Échauffourées isolées ou nouveau cycle de violences?
Mercredi 16 juin, l’aviation israélienne a effectué une série de frappes aériennes sur des sites de militants du Hamas dans la bande de Gaza. Les premières de ce type depuis qu’un fragile cessez-le-feu a mis fin au conflit avec le Hamas le mois dernier. C’est le premier acte militaire du nouveau gouvernement mené par Naftali Bennett, arrivé au pouvoir dimanche 13 juin à la tête d’une coalition politiquement éclectique.
Ces frappes menées en réponse à des envois de ballons incendiaires envoyés depuis Gaza ont visé des installations utilisées par les militants du Hamas pour se réunir et planifier leurs attaques, a déclaré l’armée israélienne, qui tient le groupe responsable de tout acte de violence émanant de Gaza. Aucune victime n’a été signalée pour le moment.
Test grandeur nature pour le nouveau gouvernement
Officiellement, ces envois de ballons incendiaires étaient une réponse à certains slogans chantés lors de l’annuelle «marche des drapeaux», qui s’est déroulée cette année le 15 juin. Des militants juifs ultranationalistes y ont scandé des slogans hostiles aux populations arabes tels que «mort aux Arabes» ou encore «Shuafat est en feu».
Pour Frédéric Encel, spécialiste du conflit israélo-palestinien, ces envois de ballons incendiaires obéissaient surtout à une logique militaire.

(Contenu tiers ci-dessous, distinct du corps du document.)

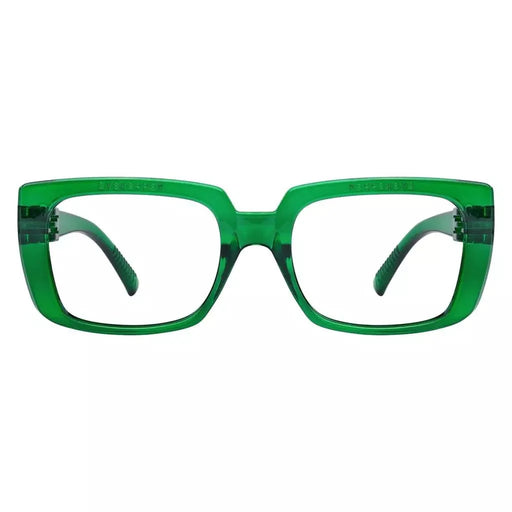 eyekeeper.com 30% Blue Light Blocking Glasses Metalless Screwless Eyeglasses NR9107-B15 Eyeglasses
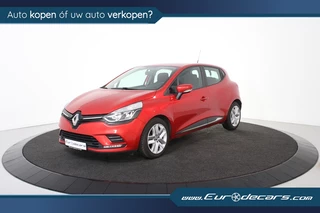 Renault Clio - afbeelding nr 4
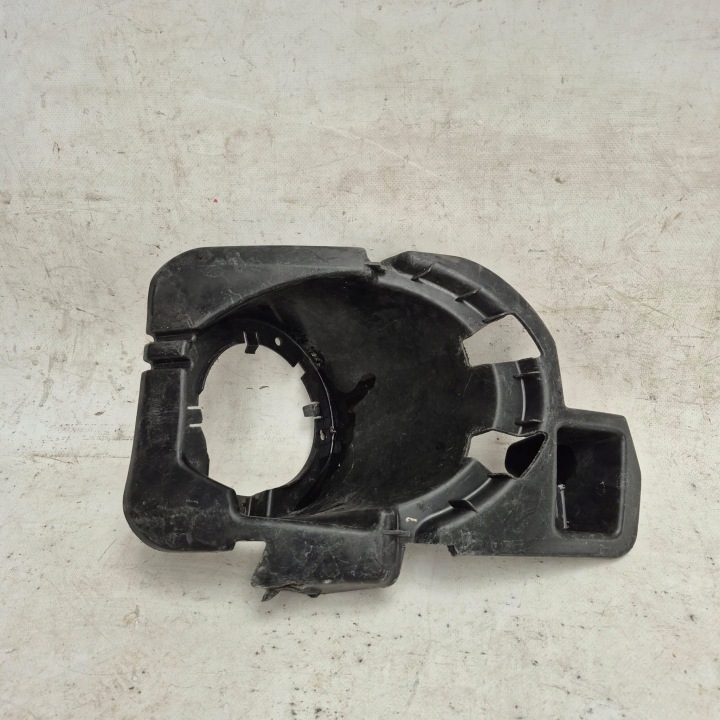 CITROEN BERLINGO PARTNER III 12- Support plaque Feux antibrouillard Droit 9681876180
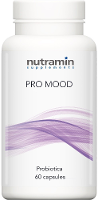 Nutramin Pro Mood Capsules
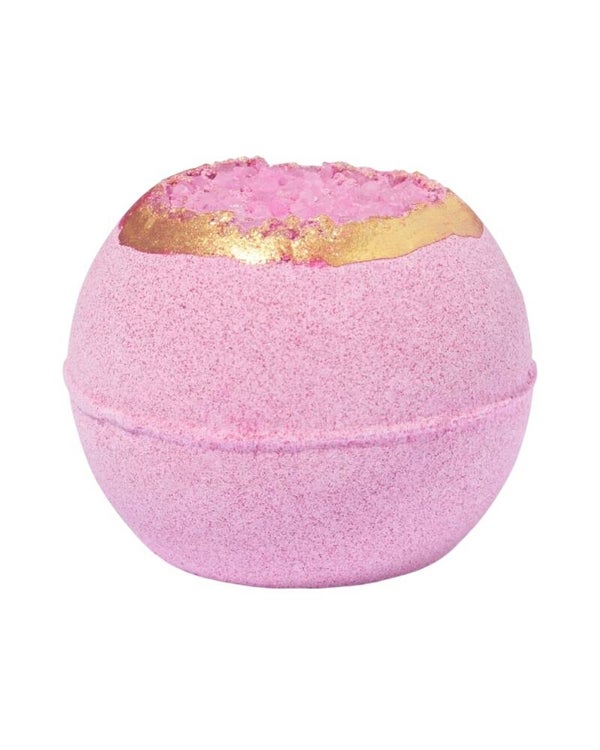 sieraden bath bomb ‘echt zilver’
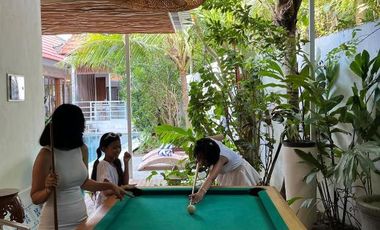 4 Bedrooms Villa with Private Pool in a Strategic Location Umalas - Canggu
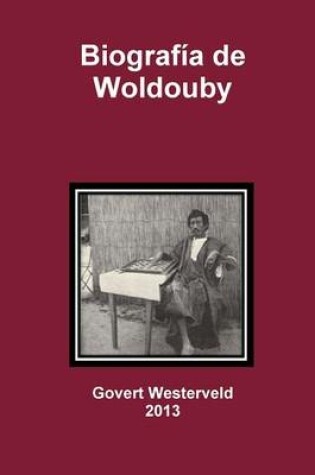 Cover of Biografia de Woldouby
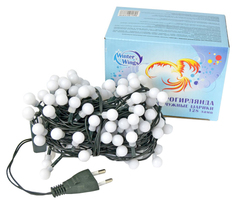 Гирлянда электрическая Winter Wings N11319750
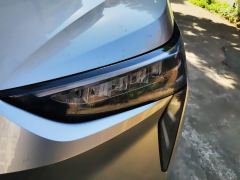 GAC AION Y 70 Smart Leading Edition - ფოტო 4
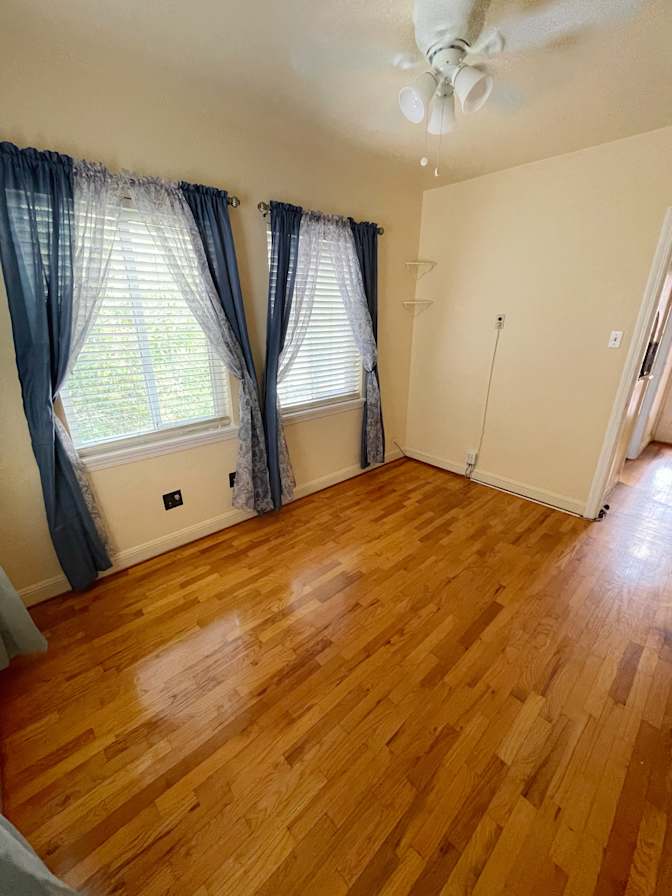Michelle's room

«Il s’agissait d’un test. Le Hamas a voulu jauger le nouveau gouvernement israélien», considère l’auteur de plusieurs ouvrages sur la région, notamment Atlas géopolitique d’Israël. Aspects d’une démocratie en guerre (Éd. Autrement, 2008).
«L’organisation s’est prise en retour des coups très durs, c’est d’ailleurs la raison pour laquelle le Hamas a décidé de ne pas monter en tension», ajoute-t-il.
Regain de frappes israéliennes, prélude à des négociations?
Une réalité à laquelle les dirigeants du Hamas vont devoir s’habituer. Selon notre interlocuteur, l’organisation a même beaucoup plus à craindre de cette nouvelle coalition au pouvoir que de l’ancien gouvernement Netanyahou:
«Contrairement à ce que l’on pourrait croire, Netanyahou essayait de limiter la guerre pour ne pas trop détruire les infrastructures du Hamas de façon à pouvoir dire au monde “regardez, nous sommes toujours sous la menace de ce groupe islamiste et par conséquent nous ne pouvons pas avancer sur un processus de paix.”»
Or, la diversité politique du nouveau gouvernement, qui comprend deux partis de gauche, deux du centre et trois de droite, sans compter le parti islamiste Ra'am, fait qu’il est nécessairement plus enclin à avancer sur un processus politique.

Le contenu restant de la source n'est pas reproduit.